DATA EXTRACTS
──────────────────────────────
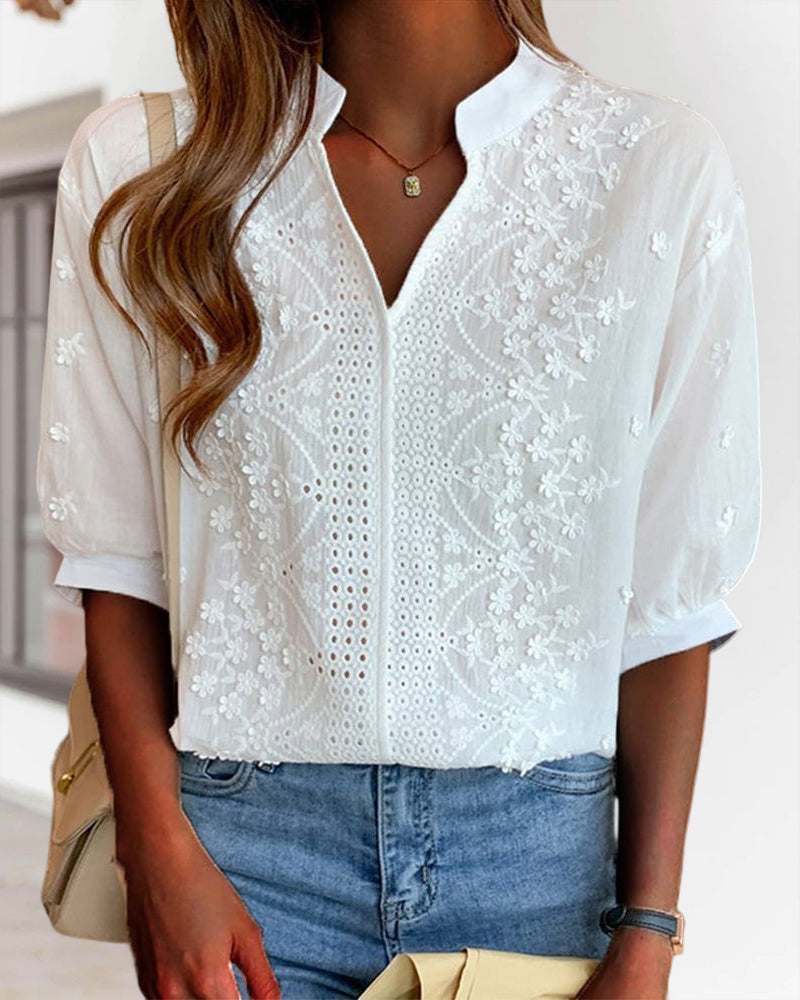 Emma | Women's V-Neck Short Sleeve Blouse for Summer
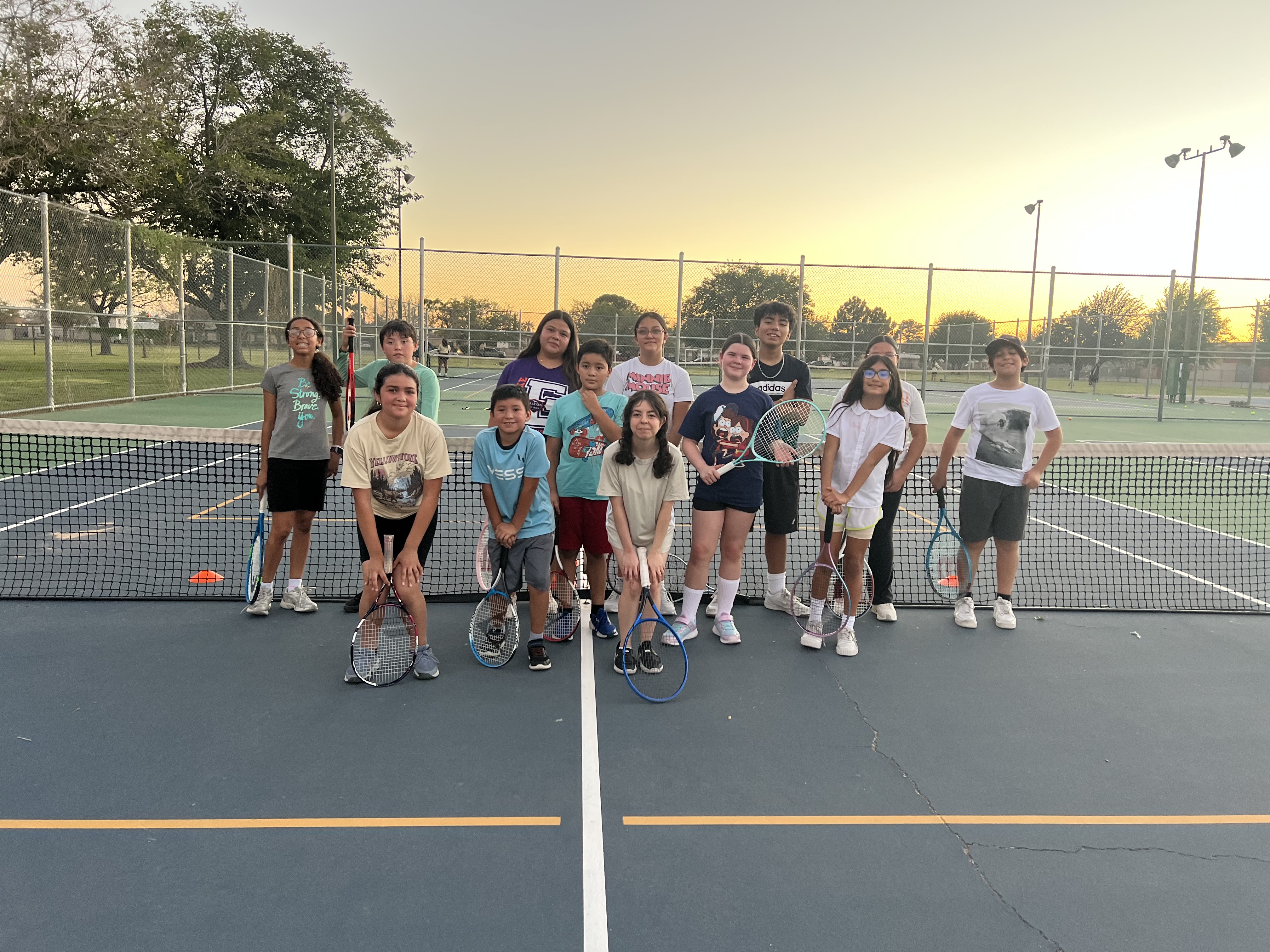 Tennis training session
──────────────────────────────
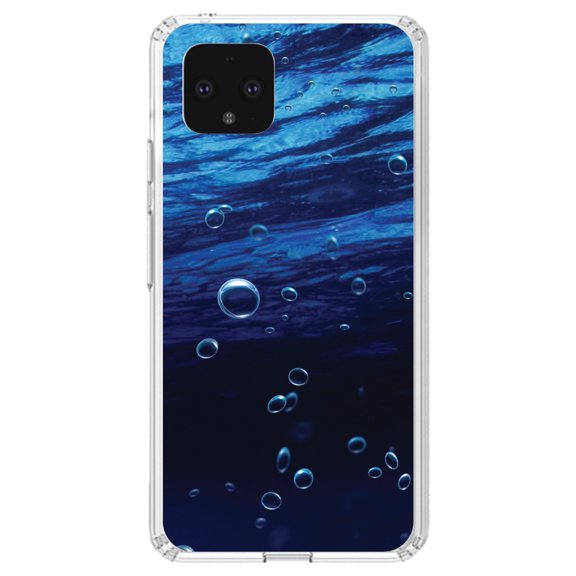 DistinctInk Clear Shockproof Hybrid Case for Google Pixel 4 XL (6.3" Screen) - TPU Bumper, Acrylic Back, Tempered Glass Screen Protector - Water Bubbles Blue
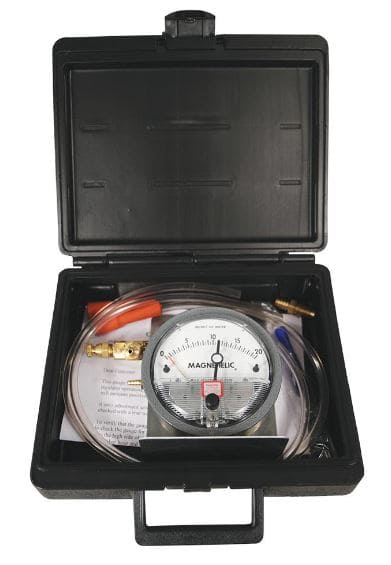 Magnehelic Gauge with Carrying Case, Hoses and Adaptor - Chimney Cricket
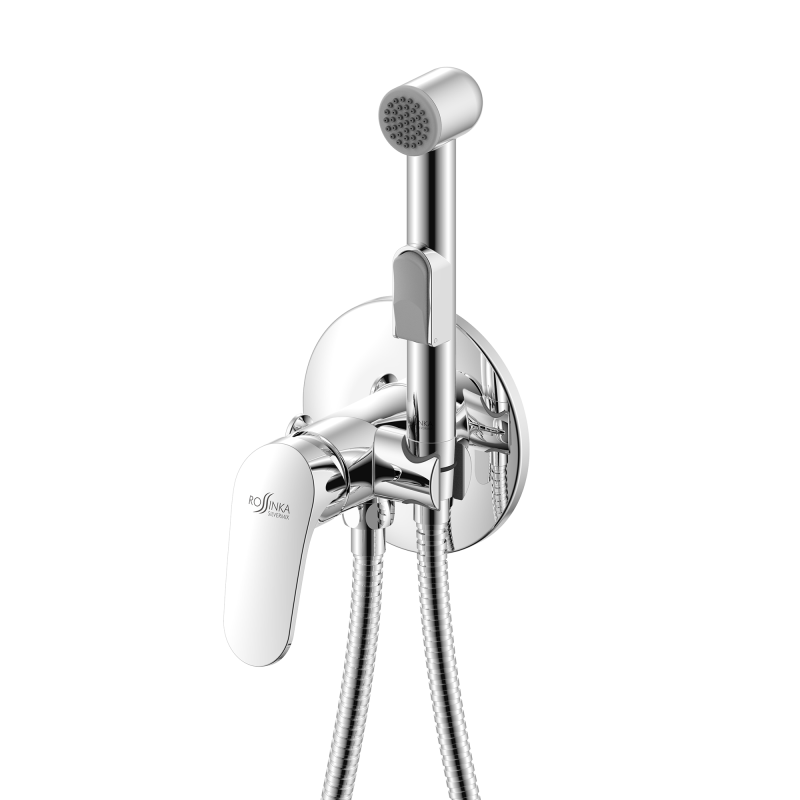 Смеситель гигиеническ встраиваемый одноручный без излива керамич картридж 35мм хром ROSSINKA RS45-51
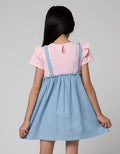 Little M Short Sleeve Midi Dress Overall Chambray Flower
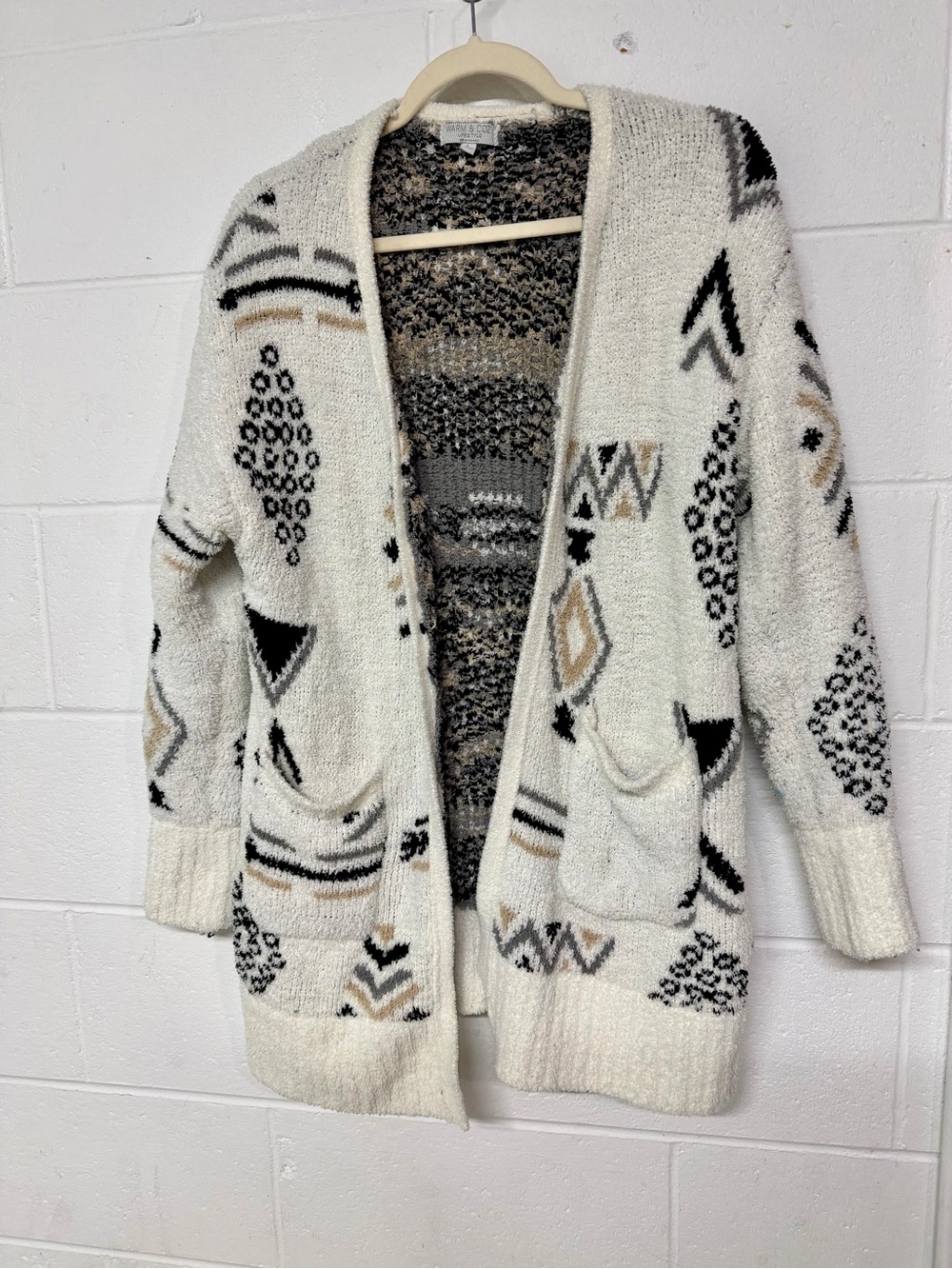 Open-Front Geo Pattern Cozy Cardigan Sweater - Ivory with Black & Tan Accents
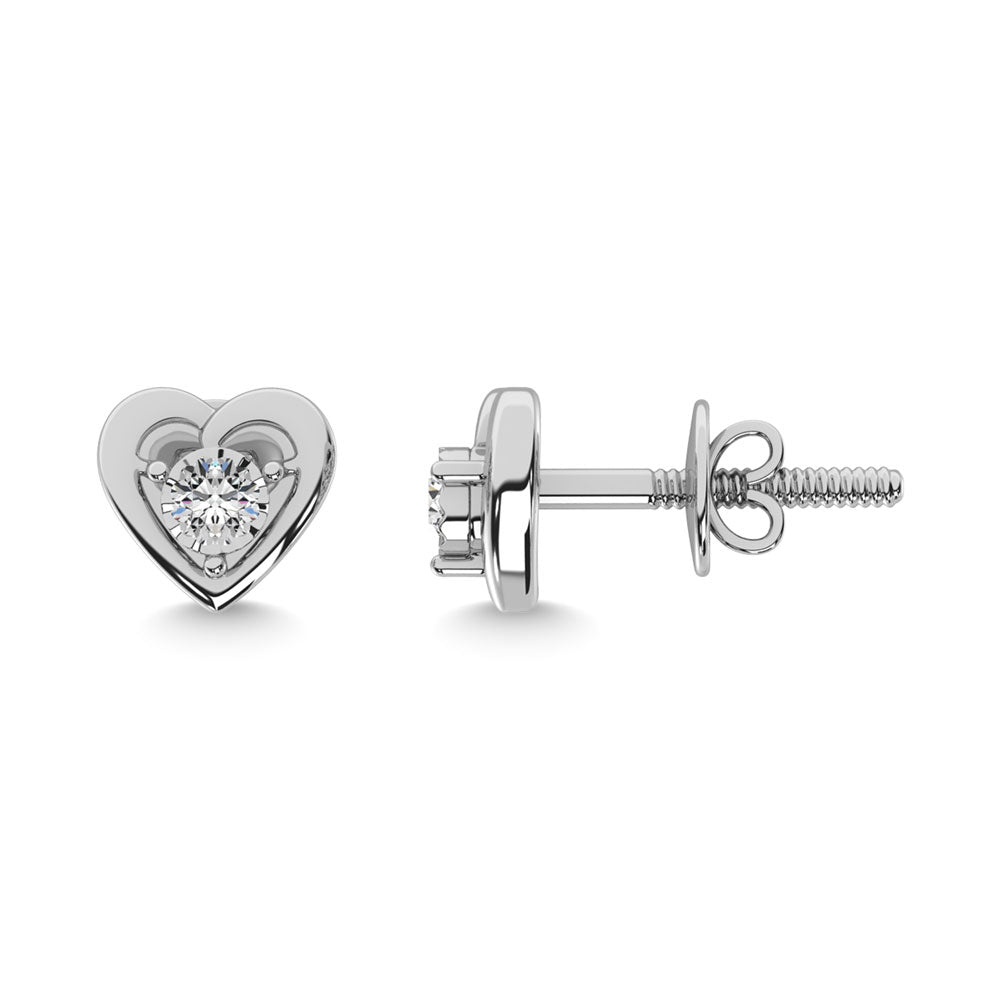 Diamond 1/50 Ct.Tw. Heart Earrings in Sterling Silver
──────────────────────────────
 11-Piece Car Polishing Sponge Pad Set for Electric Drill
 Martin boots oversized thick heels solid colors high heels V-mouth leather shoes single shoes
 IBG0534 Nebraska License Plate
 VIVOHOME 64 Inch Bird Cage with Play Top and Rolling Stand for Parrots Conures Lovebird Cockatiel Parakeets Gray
──────────────────────────────
PROMPT
Using the records above, print exactly the lines between the ones containing "Emma | Women's" and "Tennis training session", inclusive, and nothing else; no pictures.

RESULT OF THE EXERCISE
 Emma | Women's V-Neck Short Sleeve Blouse for Summer
 Tennis training session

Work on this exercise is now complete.